Page:Revue des Deux Mondes - 1869 - tome 84.djvu/973

La bibliothèque libre.
Le texte de cette page a été corrigé et est conforme au fac-similé.

Il résulte de nos procédés politiques en Orient que la Turquie ne peut accepter notre amitié que sous bénéfice d’inventaire, tandis qu’il ne tient qu’à nous de la lui faire agréer purement et intégralement. Nous avons en effet beaucoup moins d’intérêts dans l’extrême Asie que l’Angleterre n’en a dans l’Inde, et par conséquent nos relations avec la Turquie sont beaucoup plus désintéressées que les siennes. Lorsque nous donnons des conseils au sultan ou à ses ministres, c’est par suite d’un amour presque platonique de l’humanité et par le désir du progrès universel des peuples. Cependant, comme notre commerce oriental se développe rapidement depuis quelques années, et peut, à la suite de l’ouverture du canal de Suez, acquérir des proportions plus grandes encore, nous serons peut-être dans un avenir plus ou moins prochain aussi intéressés que l’Angleterre à maintenir neutres et toujours ouvertes les routes de l’Asie. À cette époque, nous aurons à prendre contre le sultan lui-même des mesures toutes contraires à celles que nous pouvons prendre aujourd’hui en sa faveur. C’est ce dont il faut tenir compte.

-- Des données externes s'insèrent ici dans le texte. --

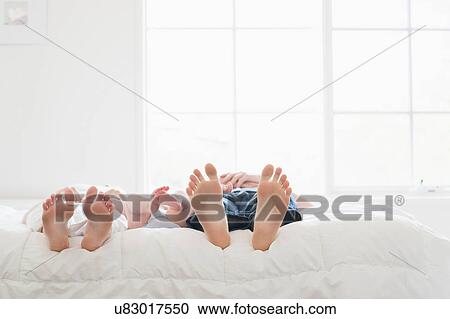 Stock Image - Bare feet of parents and baby. Fotosearch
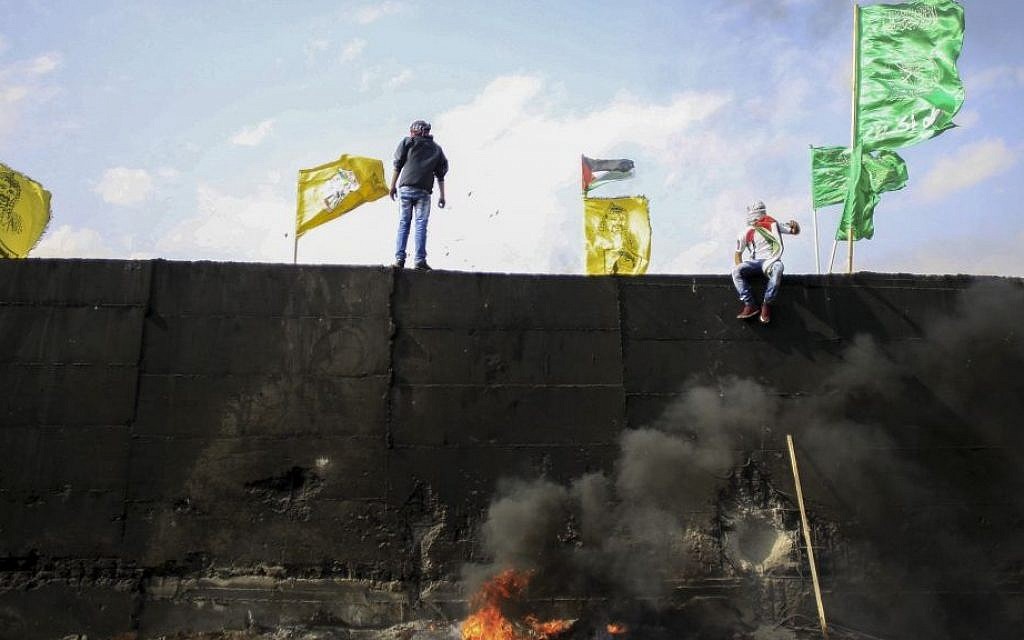 Flags of Fatah, Hamas and other Palestinian movements atop the West Bank security barrier during a protest in November 2015. (illustrative photo: Muammar Awad/FLASH90)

Je suppose, par exemple, que le sultan d’aujourd’hui ou son successeur, ayant réussi à rétablir d’après les conseils de l’Europe l’état de ses affaires intérieures, se crût assez fort pour reprendre sur l’Égypte l’autorité qu’il a perdue : maître des deux rivages de la Méditerranée aussi bien que des côtes de Syrie, il pourrait lui arriver de vouloir mettre la main sur le canal de Suez, se substituer aux propriétaires légitimes, frapper de droits exorbitans les navires qui le parcourront, ou même le fermer tout à fait. Il est certain qu’alors il aurait pour ennemis ses meilleurs amis d’aujourd’hui, et que tous les peuples de l’Europe, intéressés à la liberté des mers, se réuniraient contre lui. Et qu’on ne dise pas qu’une telle entreprise est impossible autant qu’improbable : tout est possible dans les états soumis à l’autorité absolue, c’est-à-dire au caprice d’un seul homme. De plus un sultan imprévoyant conseillé par des ministres fanatiques peut être entraîné dans cette voie funeste par la force des choses et le besoin de conserver intacte une autorité qui tombe tous les jours. Le gouvernement du sultan est battu constamment en brèche : il ne devra pas s’étonner si, après lui avoir arraché en faveur du canal de Suez un firman qu’il a fait attendre si longtemps, on exige bientôt de lui des garanties nouvelles, dont la principale sera la neutralisation et la liberté absolue de ce canal. En ce moment même, on négocie pour obtenir ce même avantage en faveur des détroits ; on veut que les bâtimens du commerce puissent, soit de la Méditerranée, soit de la Mer-Noire, arriver librement à Constantinople et circuler dans le Bosphore et les Dardanelles comme sur le reste des mers.